August always meant vacation week for my family. We would load up the camper and a tent and make the two-hour drive to the lake, our fingers crossed the whole way that our very favorite campsite wasn’t taken. The one within walking distance to the shoreline for fishing and the beach for swimming, surrounded by the woods and close to the shower house. The one where we knew the squirrels and raccoons practically by name.
We’d arrive and level off the camper. Mom would already have cleaned, packed the tiny fridge, the pantry and the cabinets, made the bed above the cab of the truck. She was so meticulous, we never wanted for anything on our trips.
My brother and I would put up the tent, set up our beds and mark off whose side was whose. We’d unzip the windows and let the breeze in through the window screens.
Dad worked so hard all year long, every single day of the week, long hours, taxing work. Taking care of animals is such a demanding job. He got exactly one week every year – seven days of his 365 – to call just his. And he still worked hard taking care of us: driving, cooking almost all the meals, gathering firewood with my brother, cleaning any fish we caught. But he did it so happily and loved every minute.
Our days at the lake were simple. My brother and I would wake up and come out of the tent to find our parents sitting at the picnic table, drinking coffee and listening to the birds. Dad would make a big camp breakfast, some combination of bacon and eggs, fried potatoes, pan toast, sliced tomatoes. After we cleaned up, we’d all read or walk through the woods. Sometimes I’d draw.
Around midday, we might eat a snack if we were hungry and then we’d head to the beach, slathered in sunscreen, carrying our bath towels, sporting flip-flops. We’d all swim together for an hour or two, playing chicken, doing handstands, having “tea parties” on the floor of the lake, seeing who could hold their breath the longest underwater.
After that, we’d head back to camp, utterly exhausted. We’d take a quick shower to wash the lake out of our hair and then we all took naps, my brother and I in the tent, our parents in the camper. Kansas in August is always boiling hot, but it made the breeze and the shade so sweet.
Sometime later, after we were all awake, we’d pick out a generic soda from the ice chest – Root Beer, Cream Soda, Orange, Cola, Grape – and sit under the trees while Dad read a novel he’d piece out over the week. Then he’d make a glorious dinner of grilled steak and baked potatoes cooked in tin foil on the coals or hamburgers and chips or pan fried fish and Mom’s famous yellow potato salad.

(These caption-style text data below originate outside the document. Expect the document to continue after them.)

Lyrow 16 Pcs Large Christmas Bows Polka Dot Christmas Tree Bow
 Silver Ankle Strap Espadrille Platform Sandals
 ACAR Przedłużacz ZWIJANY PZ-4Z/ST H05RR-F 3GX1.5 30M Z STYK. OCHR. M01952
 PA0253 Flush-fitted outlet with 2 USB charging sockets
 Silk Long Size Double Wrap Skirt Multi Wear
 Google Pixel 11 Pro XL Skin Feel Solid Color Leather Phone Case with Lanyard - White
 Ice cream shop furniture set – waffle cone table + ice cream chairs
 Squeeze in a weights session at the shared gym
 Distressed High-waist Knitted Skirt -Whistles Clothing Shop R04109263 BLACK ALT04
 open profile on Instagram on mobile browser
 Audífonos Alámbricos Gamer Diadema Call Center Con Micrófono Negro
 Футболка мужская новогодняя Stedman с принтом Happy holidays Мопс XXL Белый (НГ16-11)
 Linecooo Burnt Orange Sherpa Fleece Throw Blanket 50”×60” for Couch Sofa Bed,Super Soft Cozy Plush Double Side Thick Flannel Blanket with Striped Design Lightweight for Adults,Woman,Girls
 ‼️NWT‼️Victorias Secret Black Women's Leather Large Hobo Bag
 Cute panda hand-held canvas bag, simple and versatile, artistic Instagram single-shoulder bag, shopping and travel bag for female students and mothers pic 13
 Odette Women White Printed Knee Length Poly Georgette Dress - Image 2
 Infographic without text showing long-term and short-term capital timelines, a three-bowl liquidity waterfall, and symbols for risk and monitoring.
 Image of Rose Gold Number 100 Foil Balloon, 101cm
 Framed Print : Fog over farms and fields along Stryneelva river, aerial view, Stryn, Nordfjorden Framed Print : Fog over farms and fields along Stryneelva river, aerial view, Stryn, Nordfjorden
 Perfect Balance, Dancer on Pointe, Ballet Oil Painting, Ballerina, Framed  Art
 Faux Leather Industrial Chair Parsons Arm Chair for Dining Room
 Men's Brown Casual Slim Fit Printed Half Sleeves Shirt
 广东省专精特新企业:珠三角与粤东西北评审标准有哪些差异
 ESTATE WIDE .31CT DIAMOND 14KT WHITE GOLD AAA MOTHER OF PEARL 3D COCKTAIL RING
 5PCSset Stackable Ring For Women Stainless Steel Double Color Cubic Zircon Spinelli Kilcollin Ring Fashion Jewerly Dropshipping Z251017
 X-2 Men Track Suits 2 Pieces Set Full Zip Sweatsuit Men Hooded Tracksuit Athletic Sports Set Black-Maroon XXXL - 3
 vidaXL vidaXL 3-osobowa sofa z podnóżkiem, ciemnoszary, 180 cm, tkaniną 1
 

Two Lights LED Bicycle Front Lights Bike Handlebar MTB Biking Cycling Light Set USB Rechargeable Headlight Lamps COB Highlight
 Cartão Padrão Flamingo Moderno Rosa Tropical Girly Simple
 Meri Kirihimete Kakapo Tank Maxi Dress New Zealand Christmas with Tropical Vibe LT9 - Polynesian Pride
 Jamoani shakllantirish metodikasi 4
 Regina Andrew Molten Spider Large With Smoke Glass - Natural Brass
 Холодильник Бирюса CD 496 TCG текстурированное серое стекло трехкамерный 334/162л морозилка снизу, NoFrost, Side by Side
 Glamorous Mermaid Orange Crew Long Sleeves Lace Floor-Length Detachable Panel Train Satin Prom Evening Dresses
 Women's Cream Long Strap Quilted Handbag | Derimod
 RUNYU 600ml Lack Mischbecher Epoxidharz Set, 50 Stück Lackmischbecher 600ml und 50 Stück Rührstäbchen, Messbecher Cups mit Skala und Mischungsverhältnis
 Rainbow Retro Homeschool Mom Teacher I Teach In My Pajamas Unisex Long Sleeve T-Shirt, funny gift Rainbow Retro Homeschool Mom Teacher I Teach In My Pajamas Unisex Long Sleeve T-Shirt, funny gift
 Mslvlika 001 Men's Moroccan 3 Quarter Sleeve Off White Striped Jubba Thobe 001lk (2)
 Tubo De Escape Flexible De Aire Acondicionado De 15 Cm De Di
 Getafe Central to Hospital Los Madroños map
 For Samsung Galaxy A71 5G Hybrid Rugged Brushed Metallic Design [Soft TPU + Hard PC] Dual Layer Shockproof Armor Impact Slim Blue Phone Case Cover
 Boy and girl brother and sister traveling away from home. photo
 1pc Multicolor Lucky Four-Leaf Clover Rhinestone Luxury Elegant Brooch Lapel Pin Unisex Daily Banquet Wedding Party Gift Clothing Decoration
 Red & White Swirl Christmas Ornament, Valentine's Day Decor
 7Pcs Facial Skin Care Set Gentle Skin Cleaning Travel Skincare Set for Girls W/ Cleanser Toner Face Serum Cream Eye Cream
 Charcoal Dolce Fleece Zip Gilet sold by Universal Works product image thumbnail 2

After it was dark, we’d have a campfire and roast marshmallows while Mom and Dad told us stories about our family members long ago, how a Scot fell in love with a beautiful Cherokee maiden, how others survived long voyages in ships or survived the Depression, and others went off to war. We’d count the stars and make wishes on the ones that fell.
And then we’d sleep deep, the waves quiet on the shoreline, the crickets a blanket of song.